Avenir de la série Dead in, nouveau jeu…
Après cette entrevue chaleureuse et fort sympathique, on retient surtout les ambitions du studio sur l’avenir de la série Dead in. L’équipe aimerait en effet continuer de développer de nouveaux jeux tant que les retours de la communauté sont positifs et plusieurs idées sont déjà en études pour la suite.
A côté de cela et en attendant une hypothétique nouvelle entrée à la franchise, le studio CCCP aimerait faire une pause et consacrer un peu de temps à un projet un peu moins ambitieux. Bien qu’encore non-annoncé, Matthieu a joué le jeu et nous a déclaré que leur prochain titre devrait être un RPG tactique au tour par tour sans aspect narratif profond.
On vous propose de retrouver l’intégralité de l’interview juste ci-dessous ainsi que son homologue en vidéo sur notre chaîne YouTube.
Toute l’interview écrite
- Est-ce qu’il serait possible que vous vous présentiez un petit peu, ce que vous faites au sein du studio et depuis combien de temps ?
Moi c’est Matthieu Richez, je suis le gérant et fondateur du studio CCCP, donc on est développeur de jeux vidéo et de serious game. Et donc sur Dead in Vinland, moi je suis lead game designer sur le projet. Le studio existe depuis treize ans maintenant, et ça fait deux ans qu’on travaille sur Dead in Vinland (ndlr : sorti le 12 avril)
- Est-ce que vous pouvez nous parler un petit peu du studio en lui-même, sa création, les précédents jeux que vous avez faits et notamment le début de Dead in Bermuda, des précédents jeux et des serious game ?

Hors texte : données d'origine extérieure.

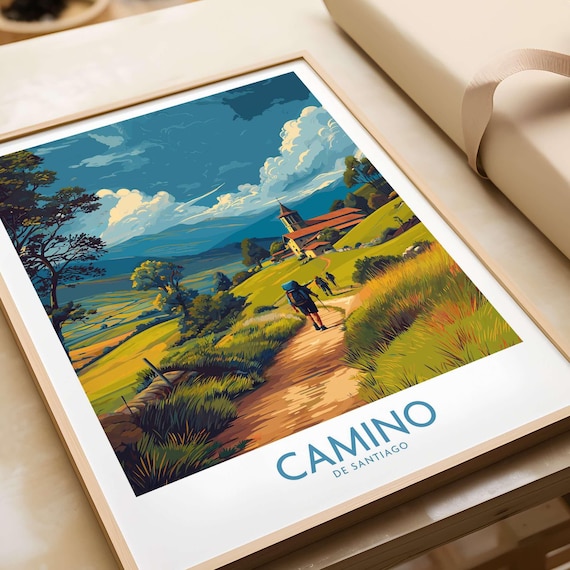 Camino De Santiago Vintage Hiking Trail Mountain Pilgrim Poster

Donc comme je disais, ça fait treize ans que le studio existe. Au début, on a beaucoup bossé pour de la prestation de service dans le domaine du serious game, c’est-à-dire utiliser la technique du jeu vidéo dans d’autres domaines, pour former des gens, pour communiquer sur un produit, sur différentes choses.
Et il y a quelques années, alors on a toujours fait un peu de jeux, du free-to-play, des jeux mobile, on a fait différents projets, on n’a jamais vraiment trouvé notre voie, jusqu’à ce qu’on se lance sur du jeu qui nous plait vraiment. C’est à partir de ce moment-là qu’on a lancé le projet de Dead in Bermuda, et donc là l’idée de faire une série de jeux de survie et plutôt destinés aux hardcore gamers que nous sommes nous-mêmes. Donc on a lancé Dead in Bermuda en 2015, et donc là on bosse sur la suite.
- Est-ce que vous pouvez nous parler un petit peu des références que vous avez dans Dead in Bermuda ? Avec l’équipe, nous avons trouvé que dans Dead in Bermuda et Dead in Vinland, il y avait un petit peu d’inspiration peut-être avec les séries Lost et Vikings, alors est-ce qu’il y a un rapport ou c’est juste une coïncidence ?
C’est plutôt une coïncidence. (rires) Moi en termes de séries, une des références en terme d’ambiance, c’était plutôt Twin Peaks de David Lynch, je sais que ça n’a rien à voir avec le jeu c’est beaucoup plus proche de Lost, mais au final moi Lost j’ai pas vraiment regardé et Vikings je commence à regarder maintenant vu qu’on bosse sur un jeu sur les vikings, mais non, ça n’a pas été des influences directes. Maintenant, j’imagine qu’on se nourrit un peu de tout ce qui existe, donc voilà.
- En pleine période de sortie pour Dead in Vinland, est-ce que vous pouvez nous parler un peu du développement, comment ça s’est passé, les enjeux, les hauts et les bas ?
Alors on a démarré il y a deux ans presque maintenant, en fait l’idée de départ c’était de se dire on va essayer de faire tout ce qu’on n’a pas pu faire dans Dead in Bermuda, donc prendre notamment les retours des joueurs, de la presse, et nos propres idées et envies qu’on n’avait pas réussies à mettre dans le premier, et de tout mettre dans le deuxième. C’était vraiment ça l’idée.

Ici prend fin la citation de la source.